What to work on
Output the entries exactly.

Working data
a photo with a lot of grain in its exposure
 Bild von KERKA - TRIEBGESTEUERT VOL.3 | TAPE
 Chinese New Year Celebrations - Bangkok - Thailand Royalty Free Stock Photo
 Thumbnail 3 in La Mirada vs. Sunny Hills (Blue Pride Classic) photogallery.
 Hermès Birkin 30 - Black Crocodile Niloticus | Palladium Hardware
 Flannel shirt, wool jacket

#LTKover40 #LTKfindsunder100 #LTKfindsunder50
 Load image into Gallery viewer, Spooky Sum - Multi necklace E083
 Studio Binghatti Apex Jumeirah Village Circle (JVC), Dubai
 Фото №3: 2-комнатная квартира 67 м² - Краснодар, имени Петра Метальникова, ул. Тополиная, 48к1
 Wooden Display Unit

Exercise response
a photo with a lot of grain in its exposure
 Bild von KERKA - TRIEBGESTEUERT VOL.3 | TAPE
 Chinese New Year Celebrations - Bangkok - Thailand Royalty Free Stock Photo
 Thumbnail 3 in La Mirada vs. Sunny Hills (Blue Pride Classic) photogallery.
 Hermès Birkin 30 - Black Crocodile Niloticus | Palladium Hardware
 Flannel shirt, wool jacket

#LTKover40 #LTKfindsunder100 #LTKfindsunder50
 Load image into Gallery viewer, Spooky Sum - Multi necklace E083
 Studio Binghatti Apex Jumeirah Village Circle (JVC), Dubai
 Фото №3: 2-комнатная квартира 67 м² - Краснодар, имени Петра Метальникова, ул. Тополиная, 48к1
 Wooden Display Unit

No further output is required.